Make your business your own

As a sole business owner it’s really important to take a good look at your business plan and vision before you start to market yourself to local families. I always advise new childminders to think about what kind of business they want to create and how this fits alongside their other commitments, as well as what will work within their local area. Do your research about what others charge, but think about what you offer that’s unique before setting your rates. PACEY’s information on drawing up a business plan is really helpful .

I have really enjoyed building up my childminding business and as siblings came along I was keen to care for them as well so I now have two assistants who work alongside me. This means I have greater capacity to offer extra places and it also gives me added flexibility too. However, you do really need to do your maths carefully before employing an assistant. The increases in national minimum wage mean that for many childminders, taking on extra staff needs careful planning. Again, having a clear idea of the kind of business you want to build will help.

Making EYE funding work for you

Let’s be clear – 30 hours funded childcare offered flexibly across settings is fantastic news for parents. But it has been a challenge for providers with the rate of funding in many areas being significantly under their private rate, and also problems in administration. My advice to new childminders is to be really clear on how many places they want to offer, if at all. Some locally have decided to concentrate on younger age groups and not offer funded hours, but I have seen the huge value to children and their families in offering continuity of care so I have tried to be as flexible as I can, even though the local authority rate is less than my private rate. Use PACEY’s cost calculator to get an idea of what the cost of providing a place actually is and compare this to your local authority rate before deciding what to do.

Being really clear from the start in your dealings with parents will help – make sure that they know they have to register - and can’t claim back through you if they miss the deadline. Building a good relationship based on trust is really important – if you can set the groundrules for being open and direct early on this will avoid awkward conversations later. I don’t charge extra for meals, nappies and other sundries, but for some childminders this is important for them to be able to offer funded hours. For me, a good look at my finances helped me to realise that by asking parents to bring in packed lunches for their children during the school holidays saved me £4,000 a year – and it makes it really handy for our holiday schedules when we are often out and about!

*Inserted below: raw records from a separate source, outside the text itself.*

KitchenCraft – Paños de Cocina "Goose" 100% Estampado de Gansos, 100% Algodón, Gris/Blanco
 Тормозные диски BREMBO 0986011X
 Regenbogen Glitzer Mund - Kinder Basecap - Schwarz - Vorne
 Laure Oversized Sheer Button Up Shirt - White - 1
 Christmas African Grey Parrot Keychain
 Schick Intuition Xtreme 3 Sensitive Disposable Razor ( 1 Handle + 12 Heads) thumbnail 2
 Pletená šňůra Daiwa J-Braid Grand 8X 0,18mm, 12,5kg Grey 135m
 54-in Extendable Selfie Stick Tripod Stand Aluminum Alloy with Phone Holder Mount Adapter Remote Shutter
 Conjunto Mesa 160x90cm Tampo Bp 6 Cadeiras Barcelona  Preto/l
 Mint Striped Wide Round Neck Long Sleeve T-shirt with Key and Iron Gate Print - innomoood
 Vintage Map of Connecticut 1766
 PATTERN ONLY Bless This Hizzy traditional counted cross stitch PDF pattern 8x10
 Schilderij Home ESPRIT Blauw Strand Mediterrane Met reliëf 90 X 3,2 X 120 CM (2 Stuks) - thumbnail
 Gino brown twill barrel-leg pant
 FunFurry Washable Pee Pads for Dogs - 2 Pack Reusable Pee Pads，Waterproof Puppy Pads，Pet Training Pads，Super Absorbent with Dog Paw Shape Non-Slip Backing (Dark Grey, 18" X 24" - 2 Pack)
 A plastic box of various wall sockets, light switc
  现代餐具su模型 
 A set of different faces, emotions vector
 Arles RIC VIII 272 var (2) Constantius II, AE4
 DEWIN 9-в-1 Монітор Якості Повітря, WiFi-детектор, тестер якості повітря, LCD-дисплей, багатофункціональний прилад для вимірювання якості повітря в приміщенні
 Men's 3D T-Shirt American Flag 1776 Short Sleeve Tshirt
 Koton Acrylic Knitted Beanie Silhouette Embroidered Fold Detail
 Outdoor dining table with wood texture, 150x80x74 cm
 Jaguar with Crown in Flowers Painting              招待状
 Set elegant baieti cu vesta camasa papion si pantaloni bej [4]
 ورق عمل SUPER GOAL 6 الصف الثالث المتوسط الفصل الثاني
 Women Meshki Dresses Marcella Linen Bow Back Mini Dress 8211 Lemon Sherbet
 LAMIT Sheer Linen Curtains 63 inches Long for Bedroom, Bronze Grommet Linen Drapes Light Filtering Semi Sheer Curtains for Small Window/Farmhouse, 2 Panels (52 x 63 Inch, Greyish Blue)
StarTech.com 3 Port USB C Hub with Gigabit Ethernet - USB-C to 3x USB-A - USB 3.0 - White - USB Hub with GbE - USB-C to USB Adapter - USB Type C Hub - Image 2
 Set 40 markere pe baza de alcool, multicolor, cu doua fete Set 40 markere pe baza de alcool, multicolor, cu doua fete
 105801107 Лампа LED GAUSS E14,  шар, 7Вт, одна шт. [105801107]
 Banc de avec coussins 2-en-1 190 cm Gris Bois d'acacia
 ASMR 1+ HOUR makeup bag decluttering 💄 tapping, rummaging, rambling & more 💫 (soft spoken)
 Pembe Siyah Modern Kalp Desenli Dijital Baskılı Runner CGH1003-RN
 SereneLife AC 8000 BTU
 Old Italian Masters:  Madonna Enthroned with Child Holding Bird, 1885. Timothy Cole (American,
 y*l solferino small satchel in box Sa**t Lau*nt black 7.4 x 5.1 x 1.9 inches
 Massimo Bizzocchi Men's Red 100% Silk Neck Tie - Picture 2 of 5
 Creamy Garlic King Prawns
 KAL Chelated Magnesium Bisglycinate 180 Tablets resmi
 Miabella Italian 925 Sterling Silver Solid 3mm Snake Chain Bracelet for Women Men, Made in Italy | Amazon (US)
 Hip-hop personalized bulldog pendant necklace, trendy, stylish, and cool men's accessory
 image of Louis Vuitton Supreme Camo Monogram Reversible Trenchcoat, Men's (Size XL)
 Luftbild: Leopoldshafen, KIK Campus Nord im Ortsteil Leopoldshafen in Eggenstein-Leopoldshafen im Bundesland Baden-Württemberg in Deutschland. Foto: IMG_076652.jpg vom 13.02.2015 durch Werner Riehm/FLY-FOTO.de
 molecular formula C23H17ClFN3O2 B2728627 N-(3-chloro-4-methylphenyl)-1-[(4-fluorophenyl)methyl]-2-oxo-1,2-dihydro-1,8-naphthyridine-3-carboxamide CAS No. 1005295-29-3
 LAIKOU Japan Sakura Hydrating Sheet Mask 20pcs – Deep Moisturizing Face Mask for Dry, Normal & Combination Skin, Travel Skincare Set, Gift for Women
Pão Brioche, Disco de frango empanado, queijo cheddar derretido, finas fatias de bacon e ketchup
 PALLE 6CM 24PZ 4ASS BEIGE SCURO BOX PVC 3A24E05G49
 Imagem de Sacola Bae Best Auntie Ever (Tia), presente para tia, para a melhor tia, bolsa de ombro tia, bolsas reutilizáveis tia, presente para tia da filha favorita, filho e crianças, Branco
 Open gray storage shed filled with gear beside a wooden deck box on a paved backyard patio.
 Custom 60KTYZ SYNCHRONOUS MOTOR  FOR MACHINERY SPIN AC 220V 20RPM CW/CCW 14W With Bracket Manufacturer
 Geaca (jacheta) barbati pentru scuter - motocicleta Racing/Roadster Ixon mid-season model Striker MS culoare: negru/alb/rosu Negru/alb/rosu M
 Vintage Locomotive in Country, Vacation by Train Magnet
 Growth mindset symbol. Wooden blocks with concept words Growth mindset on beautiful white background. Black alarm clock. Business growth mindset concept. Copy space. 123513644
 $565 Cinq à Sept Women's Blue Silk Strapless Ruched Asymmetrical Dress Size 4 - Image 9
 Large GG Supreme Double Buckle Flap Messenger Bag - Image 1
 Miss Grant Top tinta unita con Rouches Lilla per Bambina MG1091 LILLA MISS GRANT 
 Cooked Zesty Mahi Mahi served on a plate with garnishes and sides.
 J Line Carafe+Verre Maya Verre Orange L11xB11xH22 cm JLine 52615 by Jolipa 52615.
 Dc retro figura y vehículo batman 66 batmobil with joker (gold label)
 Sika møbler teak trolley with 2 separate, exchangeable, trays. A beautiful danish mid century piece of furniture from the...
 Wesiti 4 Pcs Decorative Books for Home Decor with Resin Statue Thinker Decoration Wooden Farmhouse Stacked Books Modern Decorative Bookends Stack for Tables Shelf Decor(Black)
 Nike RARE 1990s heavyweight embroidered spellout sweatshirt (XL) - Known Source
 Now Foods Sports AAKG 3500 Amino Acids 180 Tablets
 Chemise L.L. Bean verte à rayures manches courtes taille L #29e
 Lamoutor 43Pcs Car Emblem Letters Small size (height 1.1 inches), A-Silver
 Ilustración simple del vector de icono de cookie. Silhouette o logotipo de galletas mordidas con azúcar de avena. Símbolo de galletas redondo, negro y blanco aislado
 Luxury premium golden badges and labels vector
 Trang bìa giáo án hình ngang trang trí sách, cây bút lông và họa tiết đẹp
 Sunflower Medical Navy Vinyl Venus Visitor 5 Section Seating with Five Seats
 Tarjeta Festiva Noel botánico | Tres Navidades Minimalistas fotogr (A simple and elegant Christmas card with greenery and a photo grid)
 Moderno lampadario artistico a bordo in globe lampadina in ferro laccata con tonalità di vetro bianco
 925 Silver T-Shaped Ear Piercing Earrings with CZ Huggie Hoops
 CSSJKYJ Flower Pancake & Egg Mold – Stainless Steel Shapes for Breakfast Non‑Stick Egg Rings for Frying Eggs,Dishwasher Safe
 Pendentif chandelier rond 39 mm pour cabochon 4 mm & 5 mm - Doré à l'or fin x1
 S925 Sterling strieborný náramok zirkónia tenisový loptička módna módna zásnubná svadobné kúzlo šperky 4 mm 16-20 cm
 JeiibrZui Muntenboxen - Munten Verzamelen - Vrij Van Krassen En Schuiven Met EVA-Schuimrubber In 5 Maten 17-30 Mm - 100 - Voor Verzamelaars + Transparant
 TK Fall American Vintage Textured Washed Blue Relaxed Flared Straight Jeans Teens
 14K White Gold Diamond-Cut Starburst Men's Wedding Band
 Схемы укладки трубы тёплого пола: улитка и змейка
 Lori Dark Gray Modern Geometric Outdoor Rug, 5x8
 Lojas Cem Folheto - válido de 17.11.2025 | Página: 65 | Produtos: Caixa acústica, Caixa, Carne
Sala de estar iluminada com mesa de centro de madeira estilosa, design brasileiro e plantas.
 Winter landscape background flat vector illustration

I have really enjoyed my career as a childminder – there is always more to learn and I feel that I have created a big happy family. Many of the children I have looked after stay in touch and that’s really rewarding. I am keen to keep up with my training and personal development in the early years and aim to do my PTLLS training course so that I can be a childminding trainer in the future.

Staying focused on what’s really important is the best way to ensure you build a thriving childminding business.

Liz’s top tips:

  • Check what paperwork you really need – it may be less than you think
  • Don’t get overloaded with policies – sending them to parents online and providing a written checklist for them to sign can help minimise paperwork
  • Decide your policy on funded hours – and stick to it. Be clear with parents what you offer and whether you charge for extras. Setting the ground rules for being open and direct early on will avoid awkward conversations later.
  • Be clear on your business model so you can build a business that works for you – and you alone.
  • Do seek out support from other childminders through groups or social media – ask if your local authority has a buddy system which can be really helpful.